Transcrevo o que Gonçalo que disse na sua carta: "Meu Querido José, peço-lhe que, antes de publicar a última parte do conto que na seguinte lhe envio, faça publicar estas impressões, ainda que com pouco nexo, sobre o amor e personagem que ama Maria Adelaide. No fundo, Maria Adelaide é uma e todas as mulheres, ou talvez não. Nunca fui dogmático, além do mais, a Literatura nunca precisou de mim. Por isso, peço-lhe, pelo cão, diria Sócrates, que me faça publicar estas linhas quase sem nexo, e já com alguns anos, sobre aquilo que já pensei sobre Wagner e o Amor. O que penso, hoje, daria outra carta, outra conversa.

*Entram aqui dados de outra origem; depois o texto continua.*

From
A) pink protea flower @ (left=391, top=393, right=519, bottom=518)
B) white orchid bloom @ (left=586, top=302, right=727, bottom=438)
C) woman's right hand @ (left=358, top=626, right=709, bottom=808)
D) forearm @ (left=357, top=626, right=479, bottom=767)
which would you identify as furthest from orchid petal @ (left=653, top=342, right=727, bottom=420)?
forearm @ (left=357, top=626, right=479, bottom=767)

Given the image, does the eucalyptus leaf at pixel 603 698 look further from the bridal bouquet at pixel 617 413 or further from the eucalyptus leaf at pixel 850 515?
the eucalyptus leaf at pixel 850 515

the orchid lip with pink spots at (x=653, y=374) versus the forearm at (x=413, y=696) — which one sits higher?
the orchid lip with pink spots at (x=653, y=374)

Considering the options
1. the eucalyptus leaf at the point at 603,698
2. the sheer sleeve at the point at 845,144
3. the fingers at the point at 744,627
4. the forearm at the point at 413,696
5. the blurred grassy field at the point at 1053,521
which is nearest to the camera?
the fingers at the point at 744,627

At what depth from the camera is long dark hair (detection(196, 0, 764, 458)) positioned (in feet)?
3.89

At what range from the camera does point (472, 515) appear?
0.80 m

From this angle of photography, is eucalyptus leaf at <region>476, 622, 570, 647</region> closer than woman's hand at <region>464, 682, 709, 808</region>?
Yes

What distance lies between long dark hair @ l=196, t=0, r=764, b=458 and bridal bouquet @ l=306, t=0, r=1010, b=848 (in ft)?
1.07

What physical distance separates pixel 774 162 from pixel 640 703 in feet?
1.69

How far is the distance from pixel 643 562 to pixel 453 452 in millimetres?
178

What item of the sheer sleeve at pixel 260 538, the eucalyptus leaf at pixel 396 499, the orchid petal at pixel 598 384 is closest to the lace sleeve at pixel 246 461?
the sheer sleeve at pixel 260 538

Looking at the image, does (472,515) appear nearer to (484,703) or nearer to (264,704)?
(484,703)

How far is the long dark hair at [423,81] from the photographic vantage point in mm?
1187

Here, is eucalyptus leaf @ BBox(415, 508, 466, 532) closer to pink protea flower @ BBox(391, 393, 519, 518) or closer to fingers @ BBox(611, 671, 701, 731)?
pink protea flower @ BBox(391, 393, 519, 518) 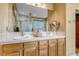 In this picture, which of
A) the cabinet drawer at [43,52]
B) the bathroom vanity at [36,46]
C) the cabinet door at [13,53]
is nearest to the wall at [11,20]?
the bathroom vanity at [36,46]

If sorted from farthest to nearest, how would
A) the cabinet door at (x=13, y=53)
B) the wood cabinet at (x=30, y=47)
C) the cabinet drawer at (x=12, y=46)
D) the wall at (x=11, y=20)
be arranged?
the wall at (x=11, y=20)
the wood cabinet at (x=30, y=47)
the cabinet drawer at (x=12, y=46)
the cabinet door at (x=13, y=53)

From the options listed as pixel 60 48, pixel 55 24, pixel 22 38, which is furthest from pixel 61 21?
pixel 22 38

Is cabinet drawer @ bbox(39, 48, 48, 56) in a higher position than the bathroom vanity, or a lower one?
lower

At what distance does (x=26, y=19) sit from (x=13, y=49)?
0.63 meters

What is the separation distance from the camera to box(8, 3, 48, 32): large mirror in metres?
2.43

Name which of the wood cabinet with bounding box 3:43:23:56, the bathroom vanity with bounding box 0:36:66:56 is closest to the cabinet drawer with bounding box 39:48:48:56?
the bathroom vanity with bounding box 0:36:66:56

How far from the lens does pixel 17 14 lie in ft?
8.20

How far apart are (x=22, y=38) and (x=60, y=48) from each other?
0.61 meters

Espero que encontre pela internet a abertura de Tannhäuser, para que se leia o conto completo ao som desse tão saboroso mundo encantado.
Muito seu.
Gonçalo V. de S.
“A
caridade é paciente, a caridade é bondosa. Não tem inveja. A caridade não é
orgulhosa.” (I Cor. 13,4).
O
amor é capaz de superar todas as ameaças, todas as adversidades, todos os
males, todas as injustiças, todas as guerras, fomes, pestes, silêncios. O amor
é capaz de superar a própria vida e a morte.
Que
impressões, então, de angústia, são estas que sinto ao escutar a abertura de Tannhäuser no meu
quarto de hotel, com as janelas abertas para as ruas largas? Ao fundo, a
Universidade do Chipre e a promessa, talvez, de uma tarde perfeita. Falta-me a
personagem feminina. Onde estás, Maria Adelaide?
No
meu quarto uma pequena estátua de Vénus e talvez seja por isso que escuto esta
abertura de Wagner. Não sei. Só sei que é um aperto enorme no coração, um aperto
angustiadamente bom e saudável. Uma dor carinhosa, como um quase síndrome de
Stendhal.
Wagner, de tão cerebral que é, foi
mais romântico que todos os heróis de Hugo ou Camilo. Tannhäuser é o Gilgamesh
da nossa cultura, e até Deus se curvou perante ele, ao fazer florir o seu
cajado!
Aqui,
nesta ilha onde se cruza o Egipto e todo o Norte de África, toda a Europa
Mediterrânica, toda a costa da Palestina e das terras divinas para as religiões
do Livro, que são porta para o Tigre e o Eufrates, porta para os pais da
escrita e da narrativa, aqui, em Nicosia, no Chipre, vislumbro Vénus e Tannhäuser
e Elisabeth, o papa e as paisagens italianas pintadas num céu azul e laranja,
enquanto o vento fustiga as oliveiras e o cheiro a pão quente com azeitonas e
vinho paira pelas colinas quase verdejantes do meu viajar interior. Sempre a
mesma questão: quem é Wagner para me enfeitiçar com esta angustiada e prazerosa
dor que quase dá vontade de chorar sem saber, verdadeiramente, por quê? Por
quê? Por quê, Richard Wagner? Quem és tu? Bardo? Pastor? Poeta? Louco?
“A
caridade jamais acabará.” (I Cor. 13,8) Pasmo perante São Paulo e as suas
reflexões, que são Cristo, sobre a caridade, o perdão e o amor. Quem é Vénus
senão todas as mulheres e todo o desejo puro e carnal? Sim, porque o desejo
carnal também é puro, pois, feitos à imagem e semelhança de Deus, Este também é
carne, mas carne que não se corrompe em si. Deus corrompe-se em cada um de nós.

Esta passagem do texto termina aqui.